When the new mayor, Janet Nettles, arrived in Crystal Cove, he felt that he should be the new mayor, and acted cold towards her, only to end up falling in love with her and beginning a steady relationship with her. In the restored world he and Janet are married with four children named Eastwood, Norris, Billy Jack, and Lynda Carter.

Sheriff Bronson Stone is voiced by Patrick Warburton.

Hot Dog Water (Marcie Fleach)
Hot Dog Water, real name Marcie Fleach, is an inhabitant of Crystal Cove and a recurring character in Scooby-Doo! Mystery Incorporated. She is first introduced in the episode "Where Walks Aphrodite" as a cameo and later has a voice cameo in the episode "The Dragon's Secret", and would make her full-fledged episode debut in "Menace of the Manticore", serving as the titular villain. She would later return in the episode "The House of the Nightmare Witch", out on parole and working with Velma and Mr. E. to find the third piece of the Planispheric Disc. She joins Mystery Incorporated as Daphne's temporary replacement in the same episode, only to leave in "Web of the Dreamweaver" following Daphne's return in the preceding episode, though Velma wanted her to stay. She subsequently made a cameo appearance in "The Hodag of Horror", and as the costumed villain in "The Night on Haunted Mountain". She makes another cameo in "Wrath of the Krampus".

Hot Dog Water has been Velma's rival for years, as the two girls have competed several times in the science fairs in Crystal Cove and Velma has mostly won.

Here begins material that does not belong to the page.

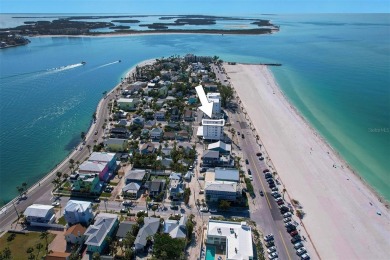 Delight in the epitome of beachfront luxury with this enchanting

However, their rivalry seems to have faded and has become a friendship as a result of their partnership while working for Mr. E. They remain, friends, even after she leaves Mystery Incorporated, and Hot Dog Water claims Velma is the only real friend she's ever had. In "Wrath of the Krampus", Velma mentions that she still knows how to get in touch with her and she helps the gang by stealing the three pieces of the Planispheric disc from Mr. E's hiding place.

She has claimed to be smarter than Velma, as she concocted a "super helium" during an experiment in which she was testing the metal from the roller coasters at her father's theme park so she could be a manticore. She also has high computer skills, which she uses to make fake advertisement sites, as well as accurate financial pie charts, though she cannot figure out the traps surrounding the piece of the Planispheric Disc in the ship during the episode "The Night on Haunted Mountain", and causes the events to trick the gang, mainly Fred, into investigating the attack on Fred's friends, so Fred can trip the traps for her.

In "Through the Curtain", Hot Dog Water is taken hostage by Professor Pericles and he uses her as leverage to threaten the new Mystery Incorporated. However, Hot Dog Water breaks free and threatens to hurt Pericles, allowing her friends to escape. She is soon thwarted and shot by the Kriegstaffelbots, but her death was reversed in "Come Undone" — in the alternate universe created by the gang after destroying the Evil Entity, Marcie and Velma are teammates and work together to win the science fairs mentioned in "Menace of the Manticore".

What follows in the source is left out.